ピカソとその時代 ベルリン国立ベルクグリューン美術館展

蒐集家の審美眼光る逸品揃い

詩情漂うクレーの作品も34点

展示されたパブロ・ピカソ「黄色いセーター」(1939年)

ドイツ生まれの美術商ハインツ・ベルクグリューン(1914~2007年)が、蒐集(しゅうしゅう)したピカソやクレーなど20世紀絵画のコレクションを中心にした「ピカソとその時代ベルリン国立ベルクグリューン美術館展」が東京・上野の国立西洋美術館で開かれている(来年1月22日まで)。

ベルクグリューンは1948年からパリで画廊を営む傍ら、自分のためにも絵画を蒐集。それらを生まれ故郷ベルリンで公開したものをドイツ政府が購入し、2004年、収蔵した建物をベルクグリューン美術館と改称した。同美術館の改修を機に、収蔵品から97点が日本で公開されることとなった。

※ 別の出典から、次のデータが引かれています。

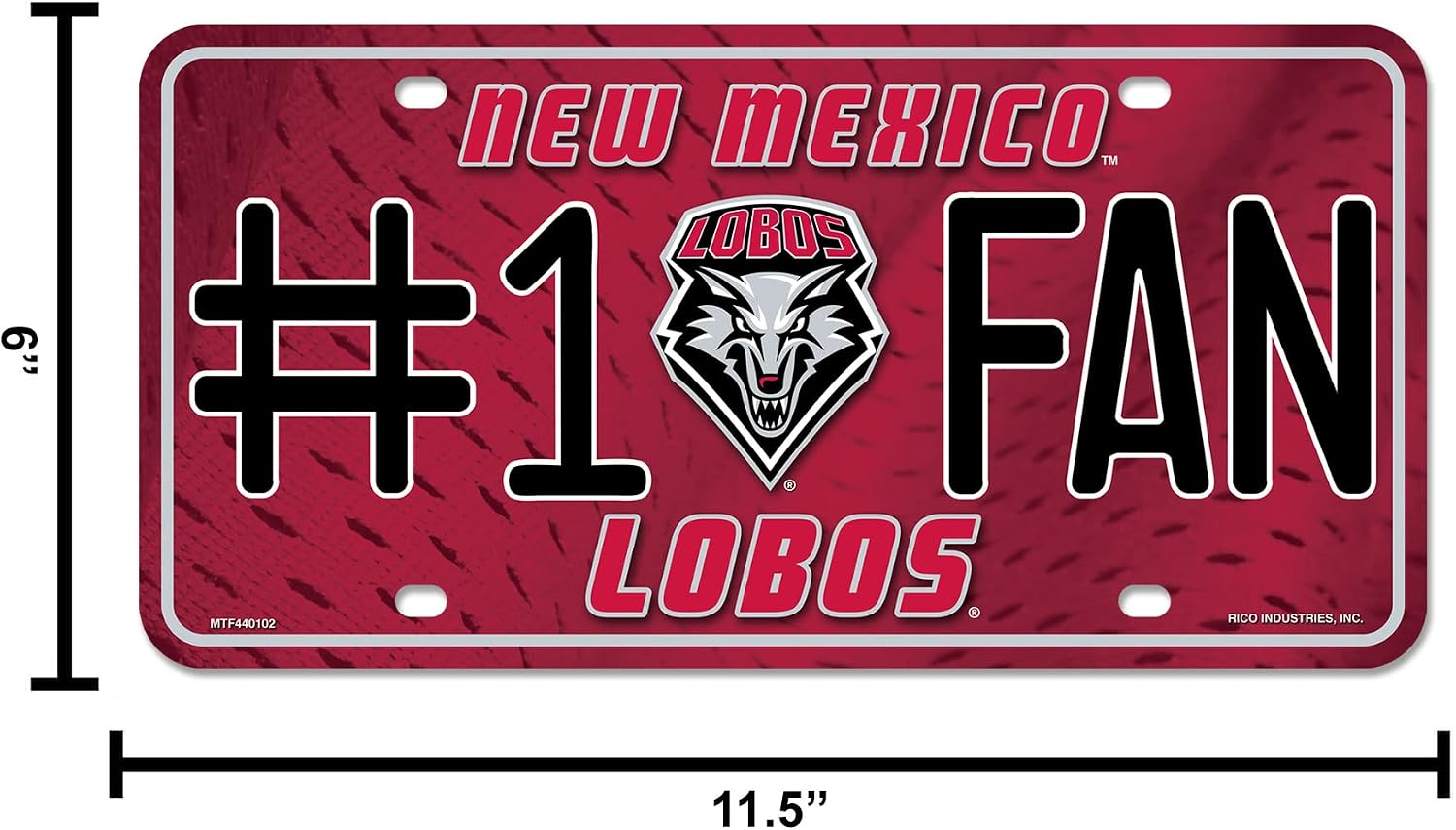 Rico Industries NCAA New Mexico Lobos #1 Fan Metal License Plate Tag image 5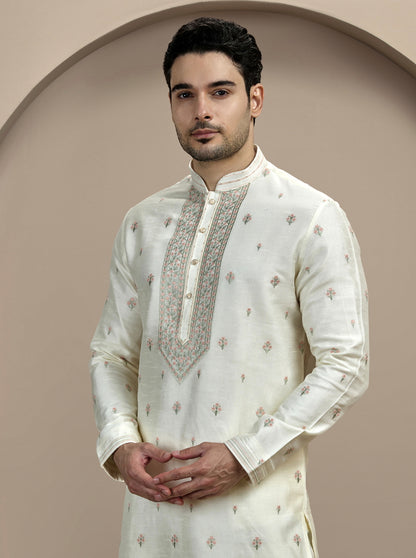 Cream Embroidered Kurta Pajama | Virasana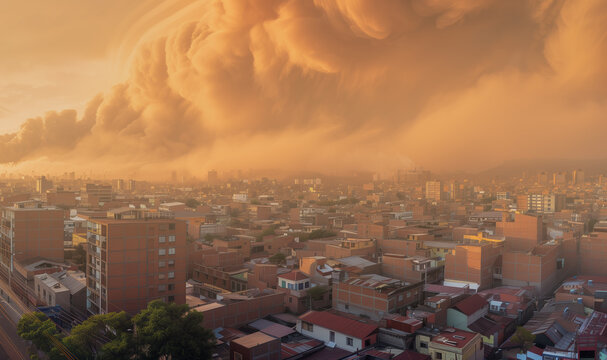 Dramatic dust storm looming over the urban skyline..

ベルクグリューンが蒐集したのは、ピカソ、マティス、クレー、ジャコメッティという20世紀美術を代表する4人の作品。画商が自分のために集めた作品とあって、大きくはないけれど手元に置いて日がな眺めていたくなるような、蒐集家の審美眼が光る逸品ぞろいだ。

深みのある赤を背景に、もの思わしげなサーカス芸人を描いたピカソの「座るアルルカン」。20世紀絵画の記念碑的作品となる「アビニョンの娘たち」のための習作として描かれた「女の頭部」も、黒人彫刻からインスピレーションを受けた力強い造形美を備えた小品だ。

キュビスム時代後期の静物画も魅力的なものが多い。セザンヌの影響から生まれ現代美術の扉を開いたこの運動だが、初期は理論先行で作品としての魅力は乏しい。しかし後期になると、今展の「青いギターのある生物」のような、装飾的な画面構成で色彩も豊かな作品が生まれる。ベルクグリューンは、キュビスムの美術史的な意義を理解しながらも、手元に置いて鑑賞する作品は、自分の審美眼と好みに従って集めたことが分かる。

「緑のマニキュアをつけたドラ・マール」「黄色いセーター」などは、愛人のドラ・マールをモデルにしたもの。1人の女性を描くにしても、スタイル、イメージをさまざまに描き分けていたのには改めて驚かされる。それができたピカソはやはり天才と言うしかない。

ピカソと共にコレクションのもう一つの柱となったクレーの作品も34点が展示されている。一つ一ついわくありげで不思議な詩情が共通する魅力に思われた。